Extracted material Block Start

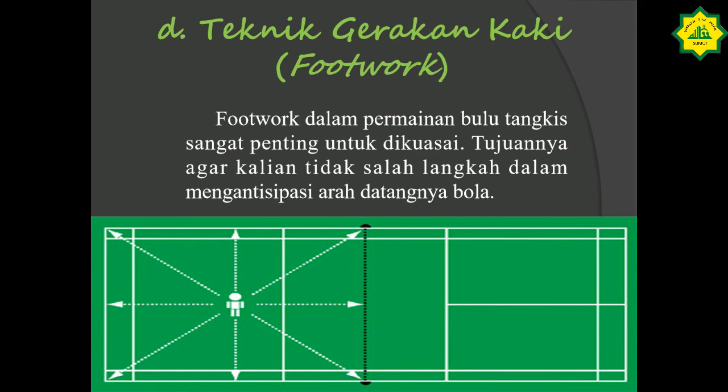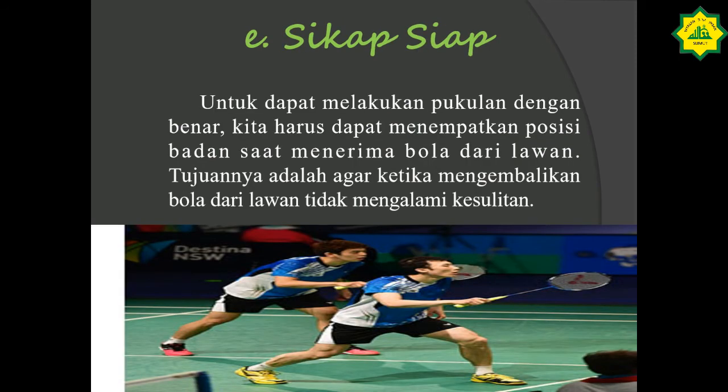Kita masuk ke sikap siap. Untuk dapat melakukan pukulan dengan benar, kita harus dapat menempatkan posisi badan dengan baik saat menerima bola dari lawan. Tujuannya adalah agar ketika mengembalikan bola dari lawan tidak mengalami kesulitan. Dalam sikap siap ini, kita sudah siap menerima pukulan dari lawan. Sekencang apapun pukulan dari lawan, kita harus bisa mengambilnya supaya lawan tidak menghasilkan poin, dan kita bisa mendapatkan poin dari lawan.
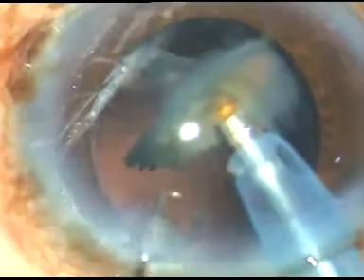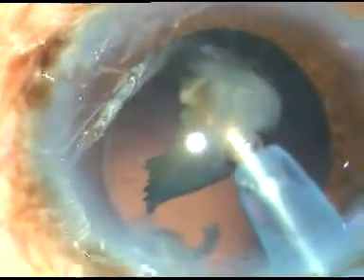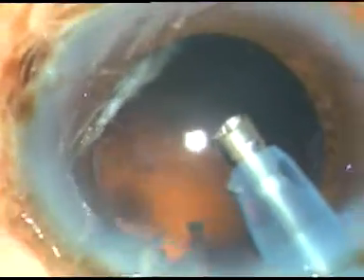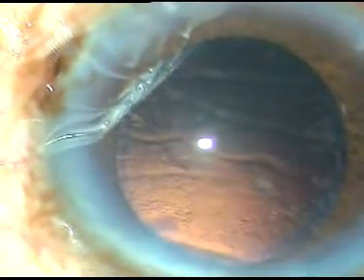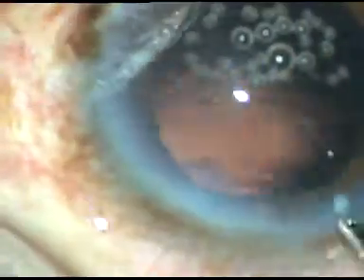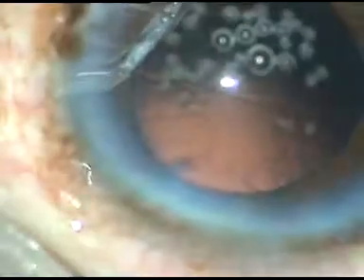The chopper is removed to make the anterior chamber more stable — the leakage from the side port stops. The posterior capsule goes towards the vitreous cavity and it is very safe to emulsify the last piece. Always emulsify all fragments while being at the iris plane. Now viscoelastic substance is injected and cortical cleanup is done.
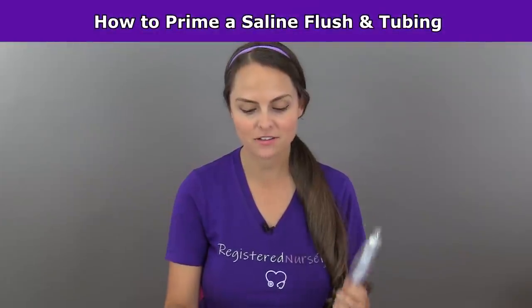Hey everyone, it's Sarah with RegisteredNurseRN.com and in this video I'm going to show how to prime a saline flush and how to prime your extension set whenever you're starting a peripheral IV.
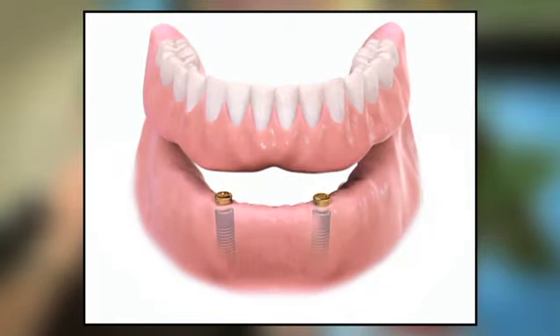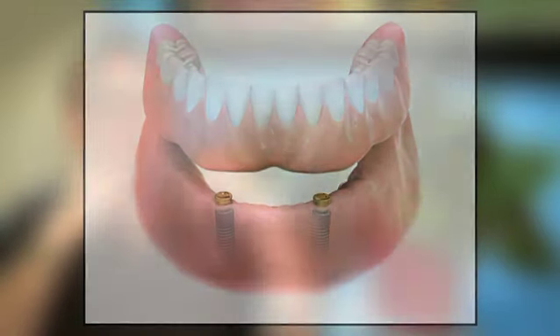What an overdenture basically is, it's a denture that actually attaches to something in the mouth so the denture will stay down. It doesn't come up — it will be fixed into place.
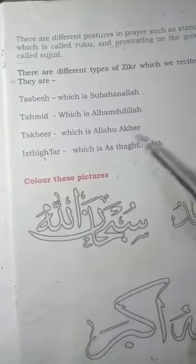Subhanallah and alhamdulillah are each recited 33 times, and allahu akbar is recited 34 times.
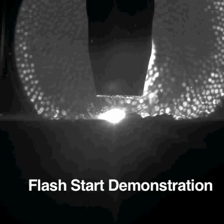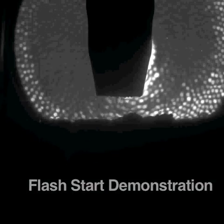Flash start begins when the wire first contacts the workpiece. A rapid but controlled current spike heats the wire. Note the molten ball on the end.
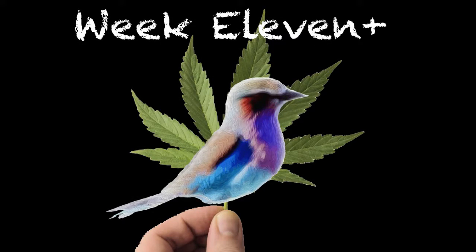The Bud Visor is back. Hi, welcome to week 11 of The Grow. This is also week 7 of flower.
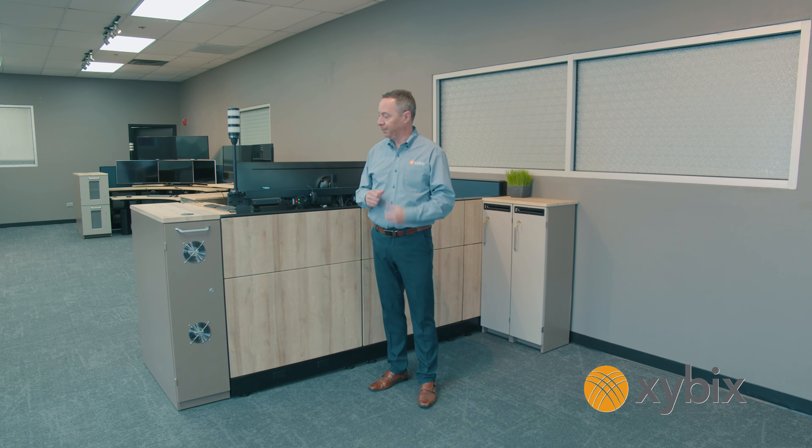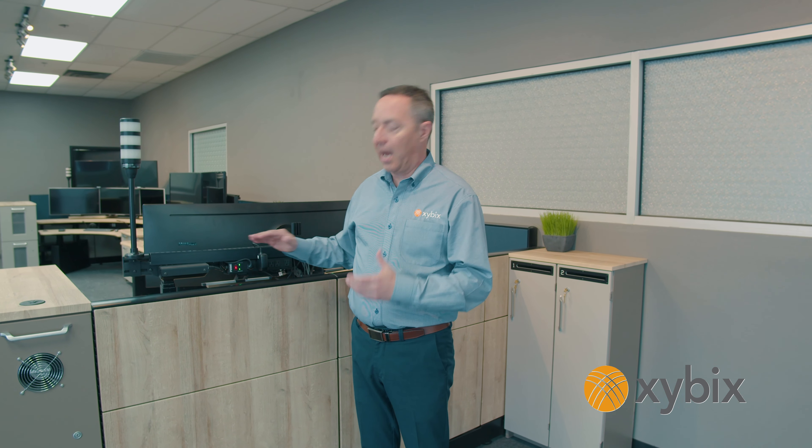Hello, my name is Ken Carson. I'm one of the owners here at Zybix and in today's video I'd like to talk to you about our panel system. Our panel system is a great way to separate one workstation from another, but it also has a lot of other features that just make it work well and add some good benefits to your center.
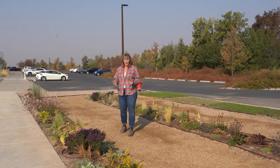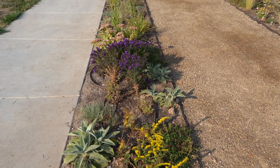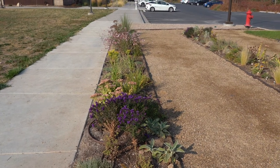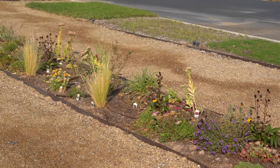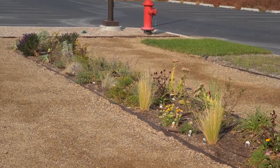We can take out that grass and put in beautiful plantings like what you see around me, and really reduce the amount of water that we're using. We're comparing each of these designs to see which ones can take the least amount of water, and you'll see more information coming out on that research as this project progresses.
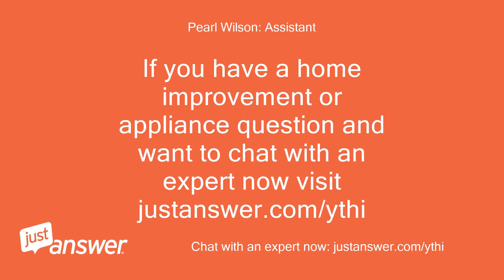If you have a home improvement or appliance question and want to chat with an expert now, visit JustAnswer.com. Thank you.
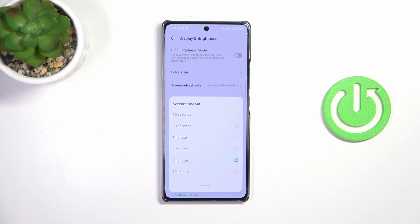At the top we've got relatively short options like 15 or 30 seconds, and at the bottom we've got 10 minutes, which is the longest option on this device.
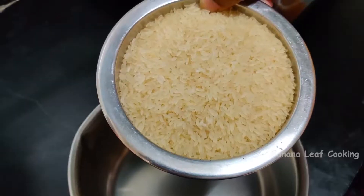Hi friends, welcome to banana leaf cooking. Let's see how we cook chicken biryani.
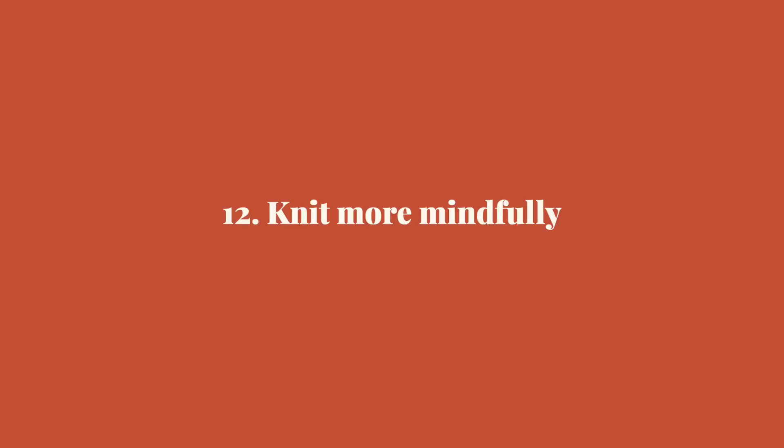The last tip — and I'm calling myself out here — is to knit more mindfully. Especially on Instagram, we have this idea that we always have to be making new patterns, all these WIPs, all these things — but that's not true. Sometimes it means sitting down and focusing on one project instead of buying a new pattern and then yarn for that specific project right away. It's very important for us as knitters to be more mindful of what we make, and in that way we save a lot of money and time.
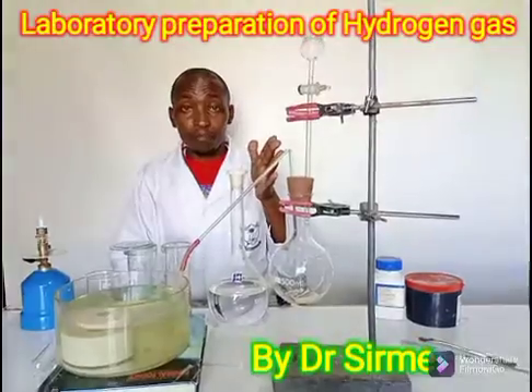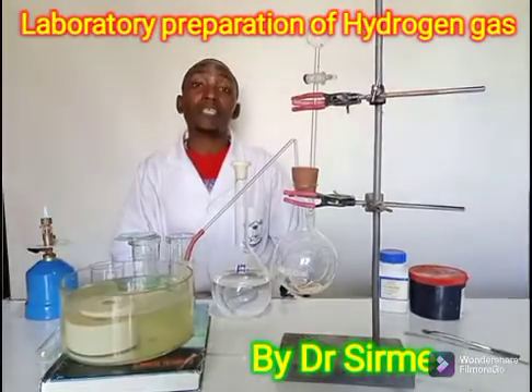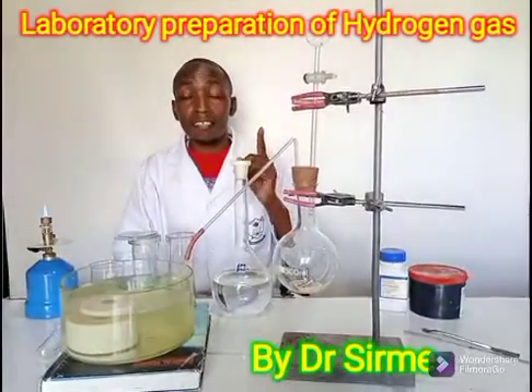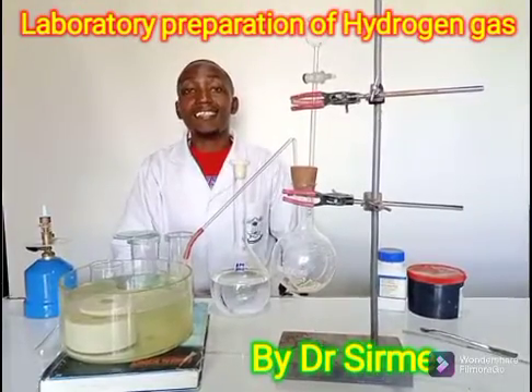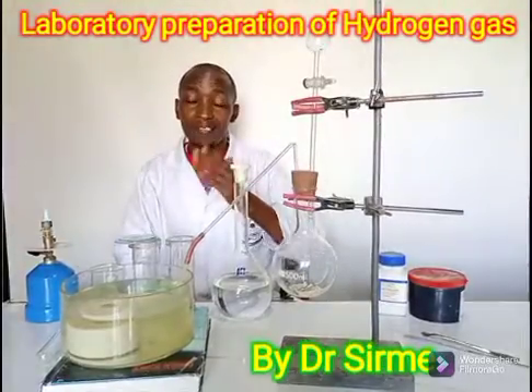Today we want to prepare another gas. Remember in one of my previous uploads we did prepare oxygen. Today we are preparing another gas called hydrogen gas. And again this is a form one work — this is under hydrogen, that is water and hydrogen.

Extracted material Block End

Your objective: Starting at the line above that holds "Subhanallah and alhamdulillah", repeat every line exactly down to and including the line that holds "Hello, my name", then stop. Do not carry over any pictures.

Problem solution:
Subhanallah and alhamdulillah are each recited 33 times, and allahu akbar is recited 34 times.
Flash start begins when the wire first contacts the workpiece. A rapid but controlled current spike heats the wire. Note the molten ball on the end.
The Bud Visor is back. Hi, welcome to week 11 of The Grow. This is also week 7 of flower.
Hello, my name is Ken Carson. I'm one of the owners here at Zybix and in today's video I'd like to talk to you about our panel system. Our panel system is a great way to separate one workstation from another, but it also has a lot of other features that just make it work well and add some good benefits to your center.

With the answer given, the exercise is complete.